Summary: Reflections on defeat of establishment pro-Israel warhawk Eliot Engel by an avowed socialist and on the limits of electoral organizing for the left — Editors
Results were finalized on July 17 of a June race in New York where Democratic primary voters shot an earthquake through the ground of the United States political world and demonstrated the weaknesses of the neoliberal establishment. Representative Eliot Engel, the warhawk and pro-Israel standby from the Bronx, was soundly beaten in the primary election by Jamaal Bowman, a Black Democratic Socialist with a progressive message.
Bowman focused his campaign on a single payer healthcare system and a Green New Deal to fight climate change. He contrasted Engel’s alliances with the United States military industrial complex and the Israel lobby to his own pro-Palestinian stance and his fundraising, which was free of capitalist donations.

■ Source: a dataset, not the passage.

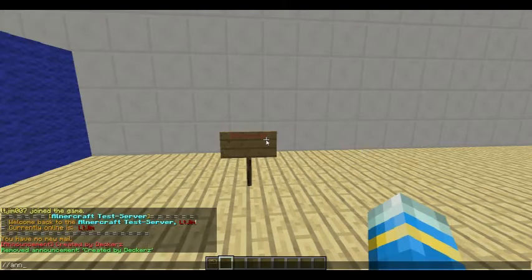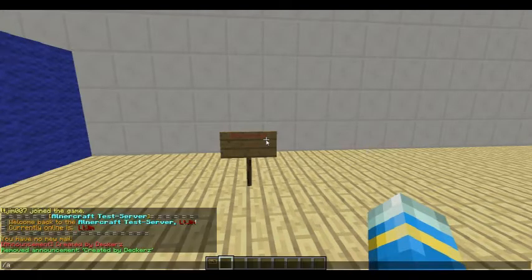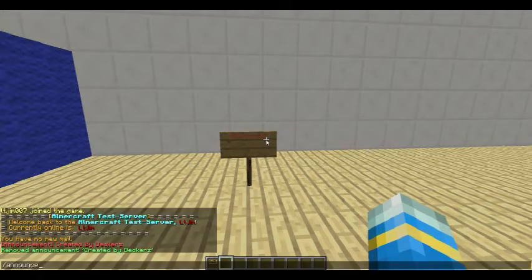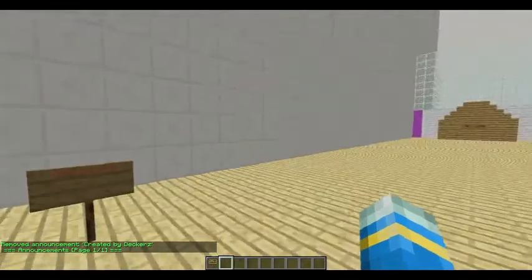The number can be found by doing forward slash announce list, and this shows you all of them.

Even when the entire Democratic Party establishment — Hillary Clinton, Nancy Pelosi, Andrew Cuomo, etc. — backed Engel, as did the members of the Congressional Black Caucus (the political representatives of the Black bourgeoisie), most of the district refused to back a man who supported oppressing people of color in Palestine. With Eliot Engel being the chairman of the House Foreign Affairs Committee, this shows that being a stalwart ally of the Israeli state no longer guarantees a victory in New York. It also shows from Bowman’s participation in Black Lives Matter that credibility with the street can defeat tremendous establishment backing. Bowman won by a 15-point margin, 55 percent to 40 percent.
In Brooklyn, an Indigenous working woman and immigrant from Peru, Marcela Mitaynes, also beat a longterm incumbent in a New York State Assembly primary on a Democratic Socialist platform, despite her overconfident opponent initially claiming victory. Also, a self-described Marxist, Julia Salazar, effectively won reelection to a New York State Senate seat by emerging victorious in the Democratic primary in Brooklyn. They both campaigned heavily on rent control at a time when it is increasingly becoming impossible for working families to live in New York City.

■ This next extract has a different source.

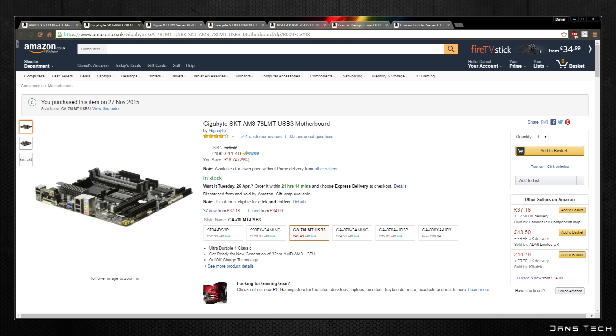Moving on to the motherboard we are going to be grabbing the Gigabyte SKT-AM3 78LMT-USB3. Now this board is only £40 but don't let that fool you. This packs support for the FX 6300 CPU mentioned and has support for many higher end CPUs on this platform. This board supports up to 32GB of RAM via 4 DIMM slots and has support for many expansion cards featuring a PCI Express x16 and x1 slot as well as a single PCI slot for legacy cards.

In the first past the post electoral system that the United States endures, two political parties become strengthened at the expense of the people. Constant cries to vote for the less awful of the two candidates overwhelm attempts for the left to organize electorally. The many anticapitalist third parties with weak influence on the streets and the ballot boxes testify to this.

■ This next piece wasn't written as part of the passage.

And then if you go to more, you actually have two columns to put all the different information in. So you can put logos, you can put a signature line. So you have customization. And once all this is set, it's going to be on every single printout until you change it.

Yet, the inability of the Democratic party to protect its valuable incumbents in party strongholds reflects a weakness in the face of insurgent movements of working people of color and their allies. That these things happened during times of low turnout compared to presidential elections demonstrates the emerging organizing power of socialists, moderate or otherwise.
All of the above-mentioned socialist candidates are members of the Democratic Socialists of America (DSA), an anticapitalist organization that took off from people discontented following the twice failed presidential campaigns of Bernie Sanders and unwillingness on the part of Democrats to fight for people of color and workers against corporations. Their main electoral strategy is to run as Democrats and use the Democratic Party as a base of operations to achieve power. We need far more than that, however.
The average DSA chapter does not espouse a radical platform of quickly abolishing capitalism as do those of us with more radical views. Still, the street always leads the way. The Black Lives Matter and Abolish ICE movements have demonstrated the pernicious consequences of white supremacy and borders in our age of international families and economies. These movements are creating the opportunity to create a truly humanist world. We must continue street action, economic disruption, and campaigning for proportional representation, with electoral drives as *one* of the left’s strategies, but not its only one. No face in a high place will ever save us, only we can save ourselves. We see people’s strength in the ballot box, but now look at the power on the streets!